With the speech by Governor Chris Christie at the Reagan Library on Tuesday night, the speculation about a presidential run and clamor to have the governor enter the race will now only increase. Despite his persistent denials, and his answer to the second question in which the governor cited the headline at Politico titled “Running: Chris Christie’s Many ‘No’s,’” his entire tone tonight tonight as well as the venue for his address spell presidential contender.
In the speech, delivered clearly and with passion, Governor Christie sounded — well — it was as you would expect at the Reagan Library: simply Reaganesque. Starting with his reaction to President Reagan’s famous firing of the PATCO air traffic control strikers, Christie noted: “President Reagan ordered them back to work, making clear that those who refused would be fired. In the end, thousands refused, and thousands were fired.” He made that statement not as a parable for how to handle labor relations, Christie said, but as “a parable of principle,” which showed that “Ronald Reagan was a man who said what he meant and meant what he said.”
To those prominent conservatives and Republicans hoping that he will enter, a group that extends from columnist Ann Coulter to former First Lady Barbara Bush, the speech was a possible sign that, despite the denials, he is contemplating a run. Indeed, Politico now runs a story by Maggie Haberman, whose sources say just that. These sources include former New Jersey Governor Tom Kean, and those urging him to run seem to include both Roger Ailes and Rupert Murdoch.

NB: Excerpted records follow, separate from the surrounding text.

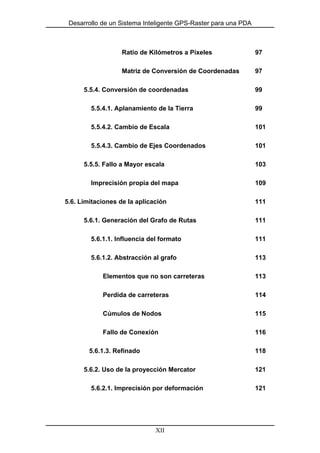 Desarrollo de un Sistema Inteligente GPS-Raster para una PDA
Ratio de Kilómetros a Píxeles 97
Matriz de Conversión de Coordenadas 97
5.5.4. Conversión de coordenadas 99
5.5.4.1. Aplanamiento de la Tierra 99
5.5.4.2. Cambio de Escala 101
5.5.4.3. Cambio de Ejes Coordenados 101
5.5.5. Fallo a Mayor escala 103
Imprecisión propia del mapa 109
5.6. Limitaciones de la aplicación 111
5.6.1. Generación del Grafo de Rutas 111
5.6.1.1. Influencia del formato 111
5.6.1.2. Abstracción al grafo 113
Elementos que no son carreteras 113
Perdida de carreteras 114
Cúmulos de Nodos 115
Fallo de Conexión 116
5.6.1.3. Refinado 118
5.6.2. Uso de la proyección Mercator 121
5.6.2.1. Imprecisión por deformación 121
XII
 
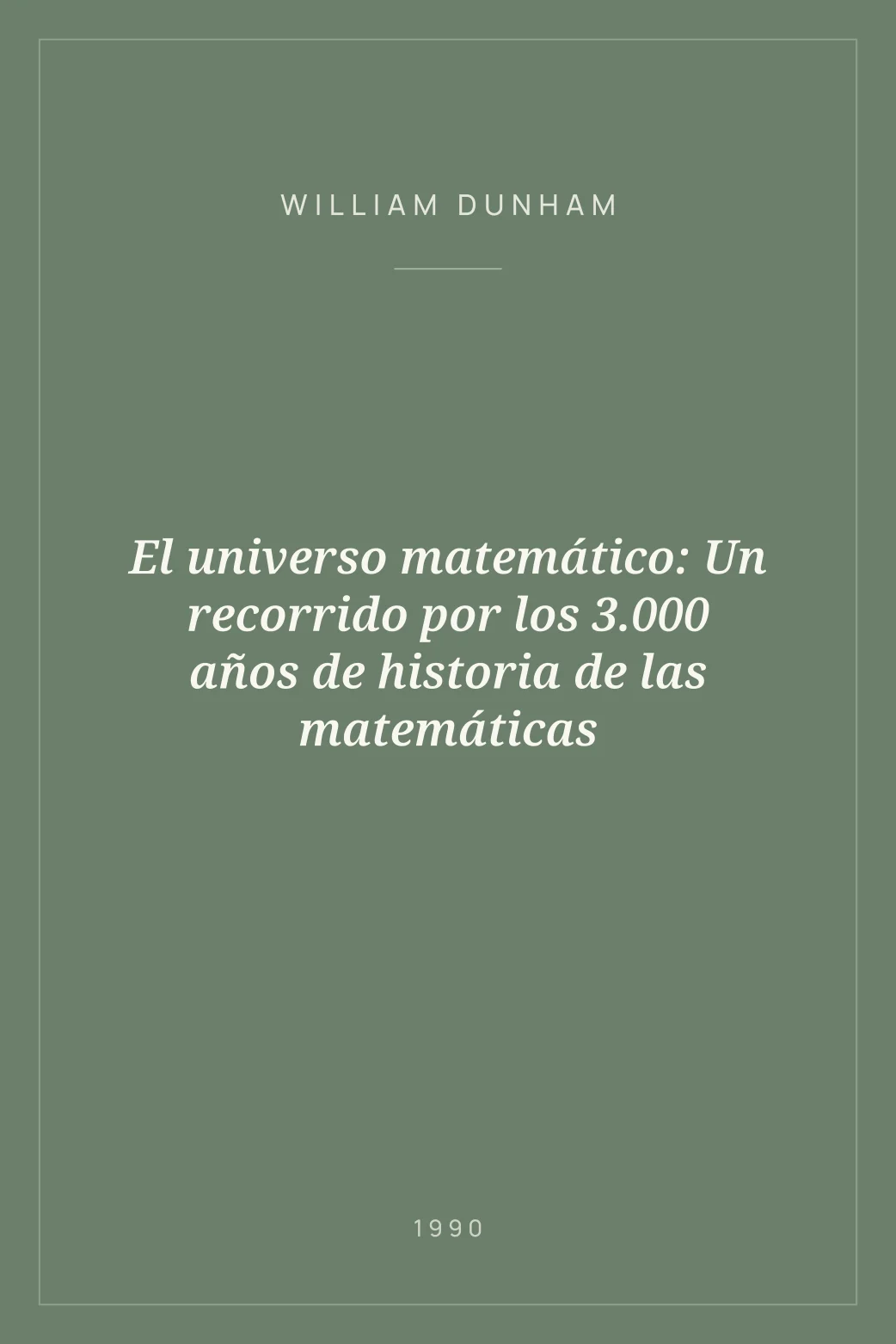 Portada de El universo matemático: Un recorrido por los 3.000 años de historia de las matemáticas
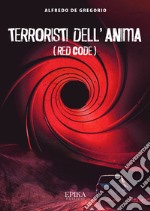 Terroristi dell'anima. Red code libro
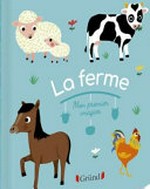 La ferme: illustré par Marie Paruit.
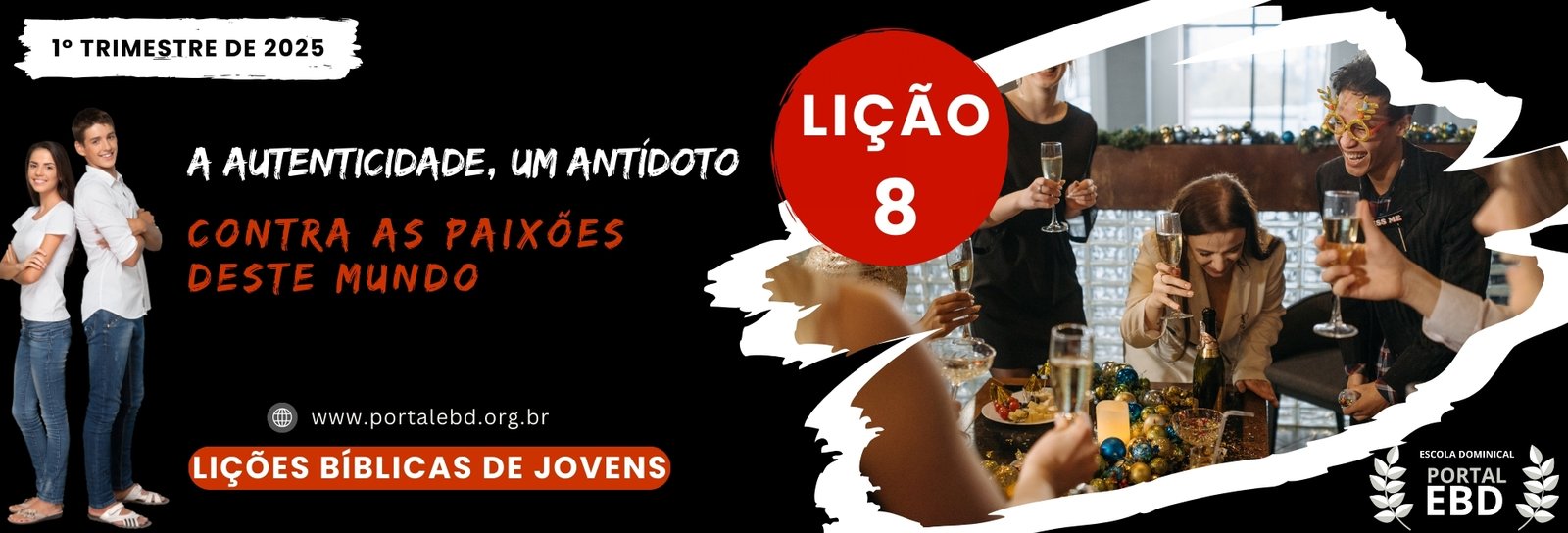 Lição 8 - Autenticidade, um antídoto contra as paixões deste mundo I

Christie said that the country is now ruled by a “bystander in the Oval Office” who has been unable to “shake off the paralysis that has made it impossible for him to take on the really big things that are obvious to all Americans and to a watching and anxious world.” Christie appears to many to be just the man for the job — since he did it in New Jersey by taking on the public sector unions, and thereby helping the state achieve fiscal responsibility.
For those who think the governor has no foreign policy experience, he sought in the speech to address their concerns as well, noting that Reagan acted abroad just as he acted at home, addressing issues like Social Security and the Cold War. As Christie put it, domestic and foreign policy work together:
But, there is also a foreign policy price to pay. To begin with, we diminish our ability to influence the thinking and ultimately the behavior of others. There is no better way to persuade other societies around the world to become more democratic and more market-oriented than to show that our democracy and markets work better than any other system.
Turning to the contentious Middle East, Christie noted that “a Middle East that is largely democratic and at peace will be a Middle East that accepts Israel, rejects terrorism, and is a dependable source of energy.”
Strongly defending “American exceptionalism,” in essence he contrasted what a Christie approach would be to that taken currently by Barack Obama. Unlike an isolationist like Ron Paul, Christie argued on behalf of having the necessary resources for defense, intelligence, homeland security, and diplomacy. He said, however, that makeover of other societies cannot be done; hence, “We need to limit ourselves overseas to what is in our national interest so that we can rebuild the foundations of American power here at home – foundations that need to be rebuilt in part so that we can sustain a leadership role in the world for decades to come.”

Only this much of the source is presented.